As the Yankees and Mets squared off in one of the biggest series of the weekend, writers throughout New York discussed the sudden rise of Mets fans and Mets hype throughout New York. Some are even asking whether or not New York has switched hats from a Yankees city to a Mets city.
The popularity of New York teams has a direct effect on the business of baseball in Florida. According to my demographic research last year, there are over 2 million New York baseball fans living in Florida. That is a little less than 10% of the total population of the state.
A majority of these fans can be divided into 4 different groups:
- Yankees fans from New York living in Florida
- Mets fans from New York living in Florida
- Yankees fans from Florida
- Mets fans from Florida
According to the Facebook/New York Times 2014 demographic survey, the Yankees are the second most popular team in the Tampa Bay area. They are the favorite team of 17% of Hillsborough County and 9% of Pinellas County.
For the Mets, their Florida popularity can usually only be measured by their spring training attendance at Port St. Lucie. This year, however, the Mets visited the Rays for the first time since 2012. Earlier in the season, I predicted the Mets would draw well at Tropicana Field. That was one of the few things I was right about in my first attempt to predict attendance.
The Mets and Rays three game series at Tropicana Field averaged 26,956 fans per game and included the Rays only non-Opening Day sellout of the season. Based on current weekend attendance, the Mets series drew an average of 8,000 more people per game than the average Rays weekend game.

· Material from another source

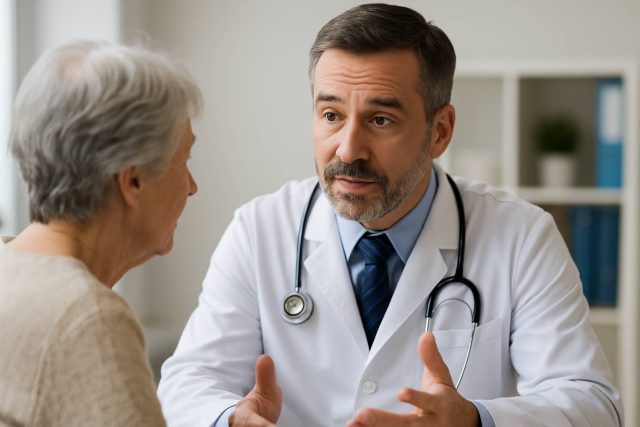 Doctor explaining diabetes comorbidities during a consultation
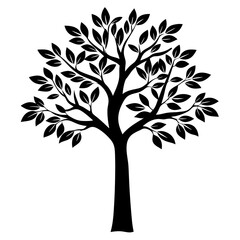 A bold, minimalist black and white vector illustration of a stylized tree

With attendance at Citi Field increasing 17.6% according to the New York Times and nearly 5,000 people per game seeing the Mets, there is no doubt the New York National League team has become more popular. And Rays weekend attendance benefited.
Meanwhile, Yankees baseball in Tampa Bay has been much more interesting.
Although Yankees Spring Training set a 10-year total attendance high and per game Spring attendance increased, attendance for Yankees versus Rays games at Tropicana Field has never been worse. The following chart looks at Yankees versus Rays attendance at Tropicana Field during the Sternberg Ownership Era.
From 2014 to 2015, attendance at Tropicana Field for Yankees versus Rays games dropped 44%. That is a huge decrease and worth exploring. While Rays attendance has decreased across the board, the decrease in attendance for games versus the Yankees stands out.
We also saw a huge drop in Tampa Yankees attendance this year (-20%). While it wasn’t a good year for the Florida State League overall, the Tampa Yankees had the biggest attendance drop in the league.
Could attendance for Yankees games at Tropicana Field be tied to Yankees attendance in New York? Could Yankees fans in Florida feel the same about seeing their team as their fellow fans in New York?
According to the New York Times,
The Yankees’ paid attendance at home is averaging 39,537 a game, down 5.6 percent from the average at this time last year, according to Baseball-Reference.com. The Yankees, who trail first-place Toronto by three games in the American League East, have never averaged below 40,000 fans a game since moving to the new Yankee Stadium in 2009.
And Yankees TV ratings are also down.
But the Yankees, who averaged 454,000 viewers a game in 2007, are drawing only 256,000 this season, a 10 percent decrease from 2014 after a comparable number of games.
Could Yankees fans lack of enthusiasm be a national phenomenon? Finding out this answer would require a lot of research, from exploring ratings for Yankees national broadcasts to looking at road attendance for Yankees games in every stadium and calculating percentage above or below average attendance per day.
Far beyond the purview of this site.
But if Rays fans are attending games 10-15% less in 2015 than they did in 2014 and the same amount of opposing fans attended, attendance versus the visiting Yankees should have still been over 20,000 per game.
Without polling every fan in attendance, we will never know how many fans for each team attended each game. But if looking at Yankees attendance and ratings in New York is any indication, we can safely make the assumption Yankees fans are not as interested in seeing the Yankees as they were last year, especially in Tropicana Field.
The Yankees presence in Tampa will continue to loom large as long as the City of Tampa considers the Yankees a “hometown” team and as long as the Tampa Sports Authority is personally invested in the success of Steinbrenner Field. But perhaps this momentary lack of interest in the Yankees could allow the Rays to penetrate the market of Florida-born fans looking for a team to root for.